There are no initial set-up fees for opening or maintaining a Liontrust ISA. Any ongoing annual management charge (AMC) fees applied are for investments in the underlying Liontrust funds and these fees will be clearly documented in associated Liontrust product literature.
Opening a Liontrust ISA
Please complete the application form to open a Liontrust Stocks and Shares ISA. You can transfer both stocks and shares ISAs and cash ISAs from another provider to a Liontrust Stocks and Shares ISA by completing an ISA Transfer Form. We do not offer a cash ISA.
Please remember to read the relevant Key Investor Information Document (KIID) before opening a Liontrust Stocks and Shares ISA or transferring an ISA to us from another provider.
You can read the ISA Terms & Conditions here.

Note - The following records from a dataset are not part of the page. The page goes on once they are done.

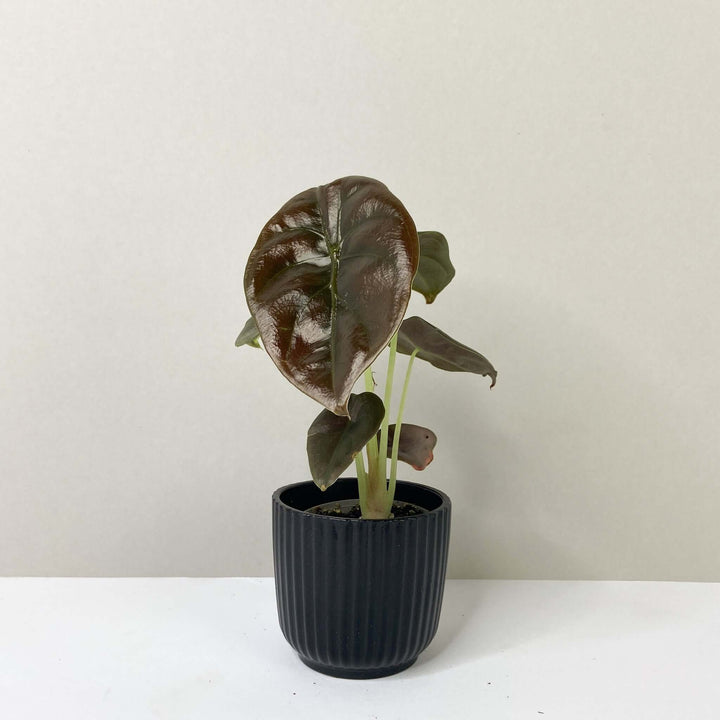 Alocasia Cuprea Red Secret - Young Plant Foliage Dreams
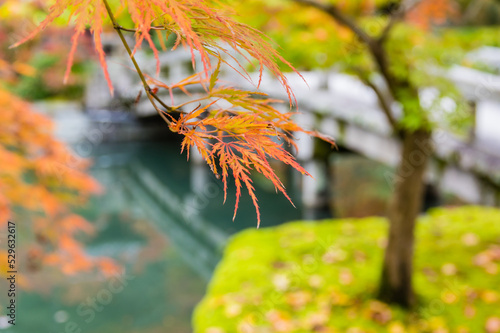 Obraz na płótnie 京都の紅葉 w salonie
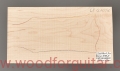 woodforguitar_219headstock.JPG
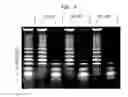 Fig. 03 - Selective Purification of Small RNAs from Mixtures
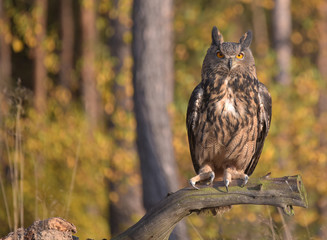 Eurasian Eagle Owl (Bubo bubo) in  forest. 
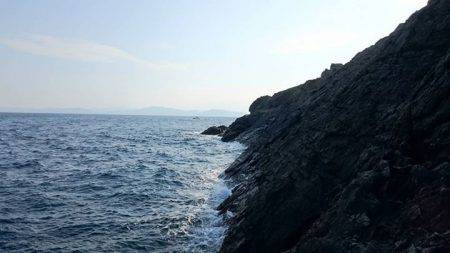 鵜来島家本渡船 釣果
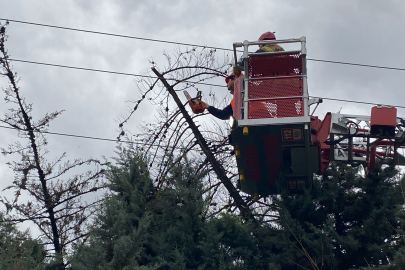 Bursa'da tehlike teğet geçti! Devrilen ağaç elektrik tellerine dayandı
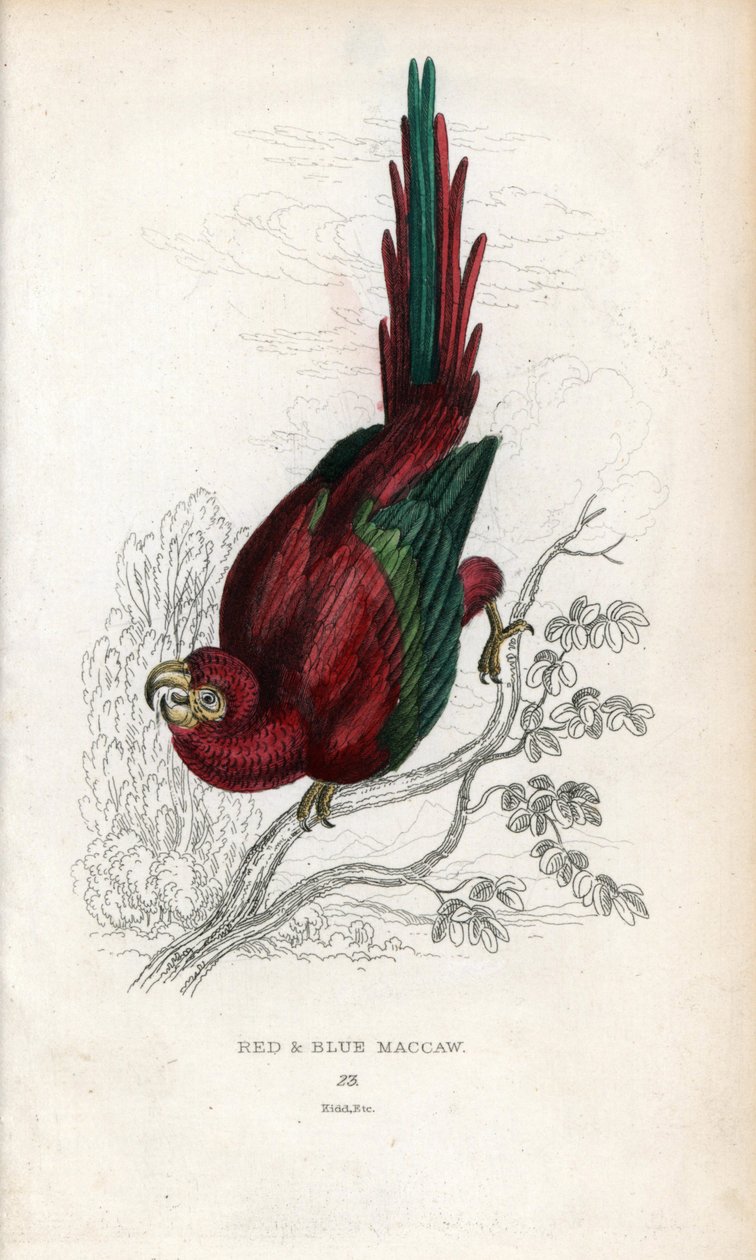 Rød ara eller Macau ara. Psittacus macao. Litografi af Joseph Kidd, baseret på en tegning af John Audubon, i Miscellany of Natural History: Parrots, Sir Thomas DiK Lauder and Captain Thomas Brown, udgivet i Edinburgh, Skotland, i 1833. af Unbekannter Künstler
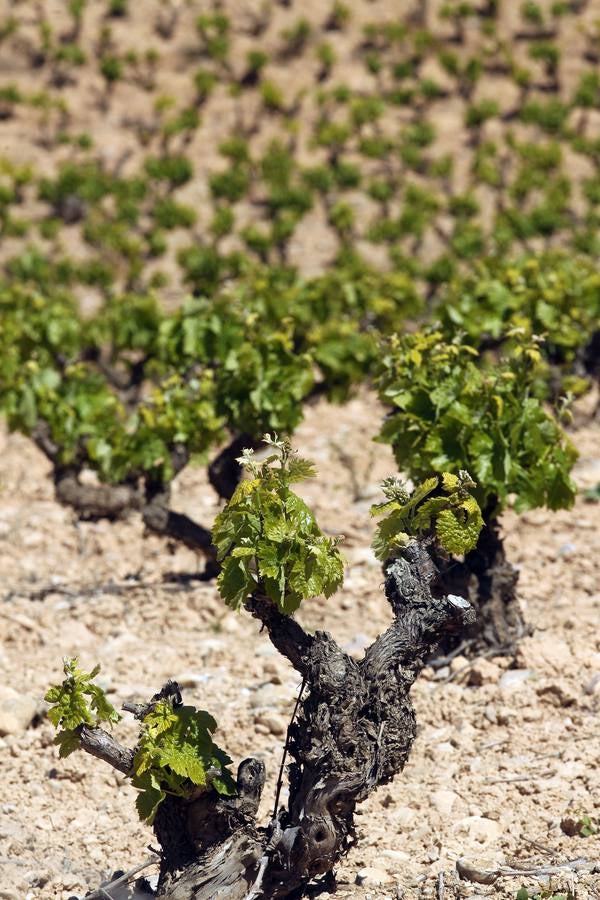 La viña en primavera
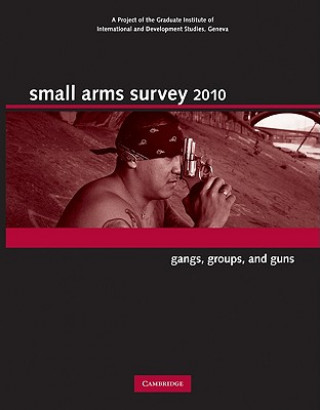 Kniha Small Arms Survey 2010 Small Arms Survey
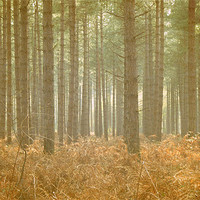 Buy canvas prints of forest by rachael hardie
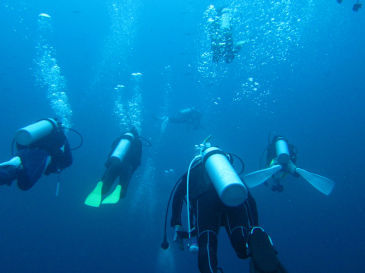 maldives295.jpg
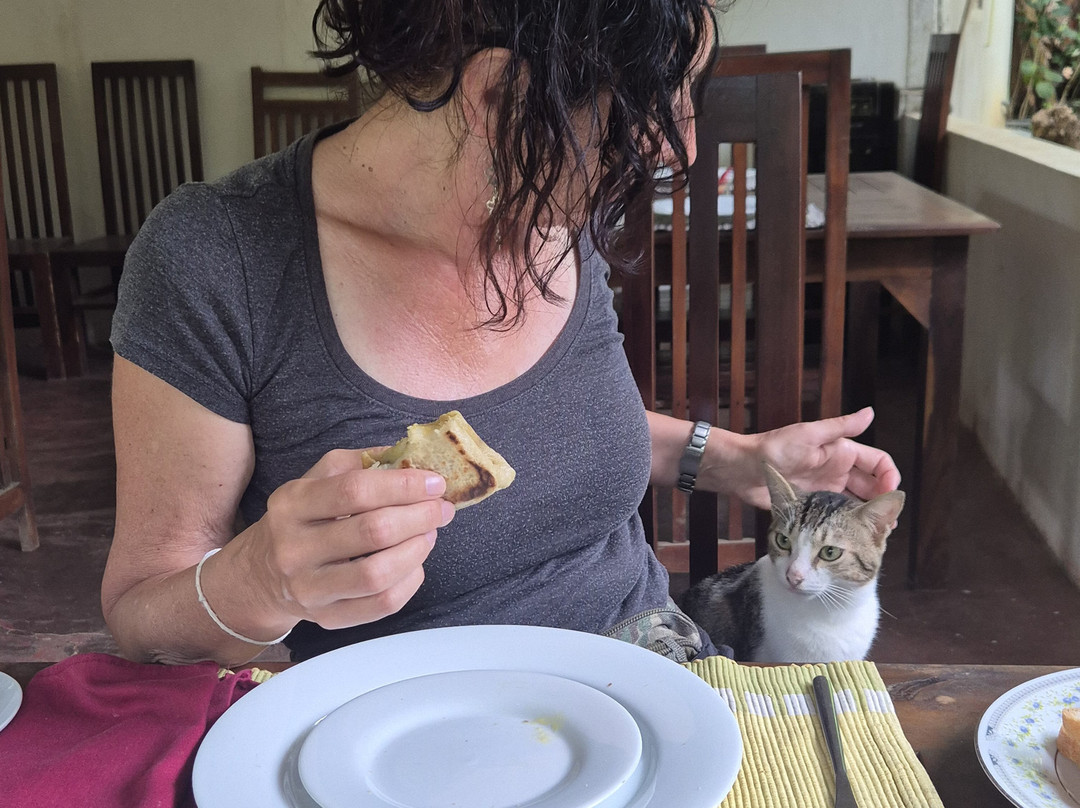 Levona Garden Resort主图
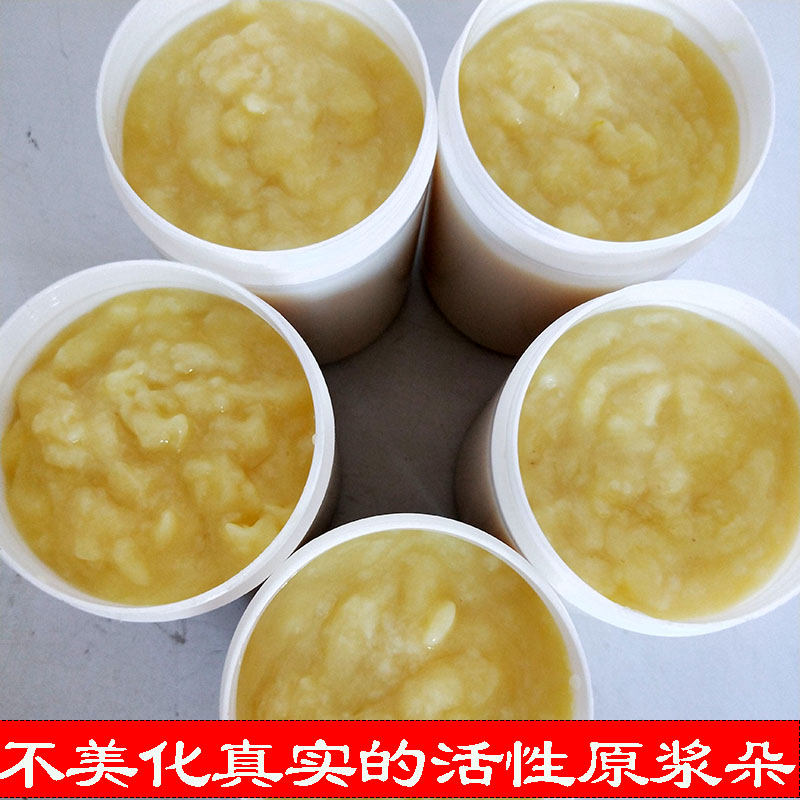2022春蜂王浆新鲜高活性 纯正蜜蜂王浆1斤顺丰包邮低产高质无添加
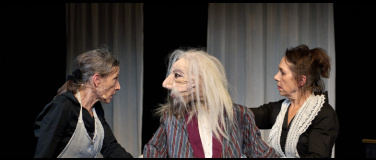 Event-Image for 'Auf Bäume klettern'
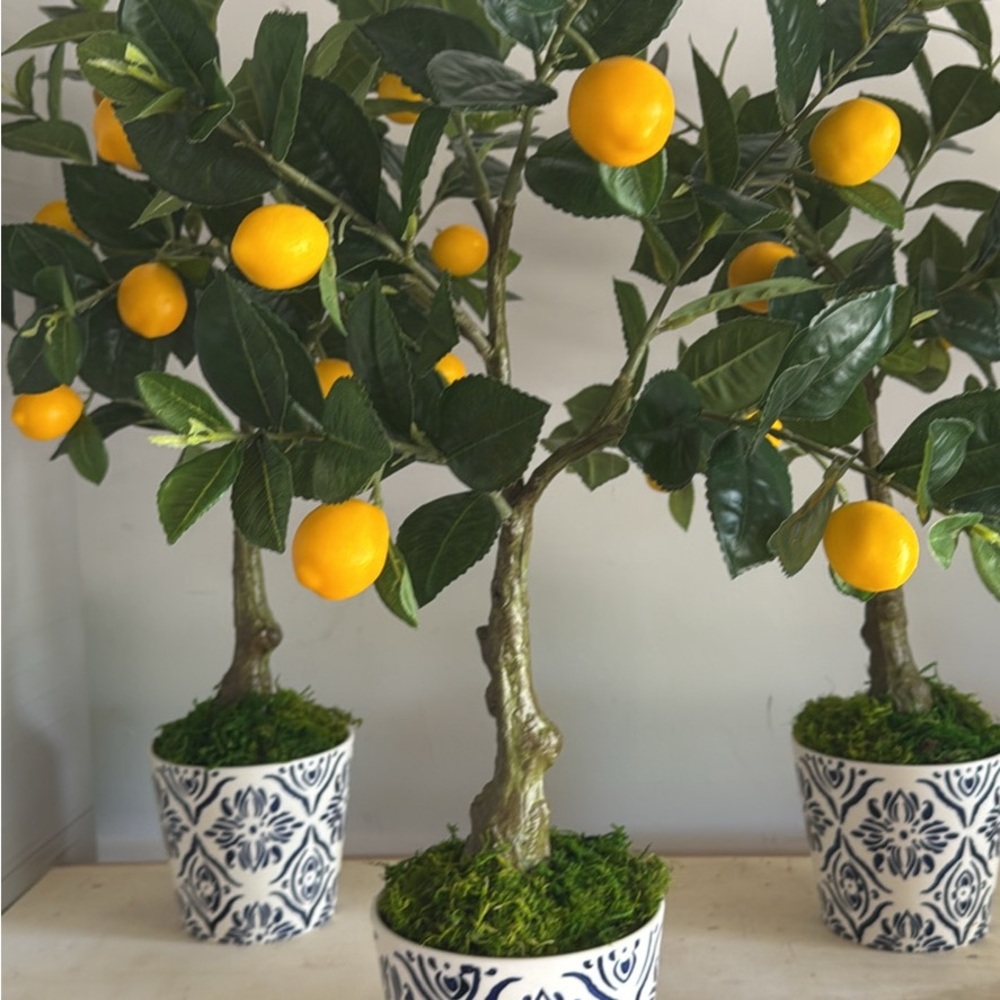 Artificial Lemon Tree in Decorative Pot (5)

We recommend that if you have any doubts about the suitability of an investment, you should consult a professional adviser. This should not be construed as advice for investment in any product or security mentioned, or a solicitation to purchase securities in any company or investment product.
Please note, Liontrust does not have a cash holding facility for any of its products so all monies deposited will remain fully invested at all times. You will not be able to redeem and hold cash within this account.
Additional Permitted Subscription (APS) ISA allowance
Since December 2014, an additional ISA allowance has been available to investors following the death of a spouse or civil partner. The APS allows the bereaved partner to effectively inherit funds accumulated in their spouse or partner’s ISA, into their own ISA, on top of the standard allowance.
If the partner died after 3 December 2014 and before 6 April 2018, the APS is equal to the value of the ISA on the date of their death. This means that if an investor’s spouse or partner had £30,000 in their ISA at death, this would be the APS and the investor could effectively contribute £50,000 into their ISA for that tax year, free of tax.
Where a spouse or partner died on or after 6 April 2018, the APS allowance is either the value of the ISA at the point of death or the value of the ISA when the account is closed and all funds withdrawn, whichever is the highest value.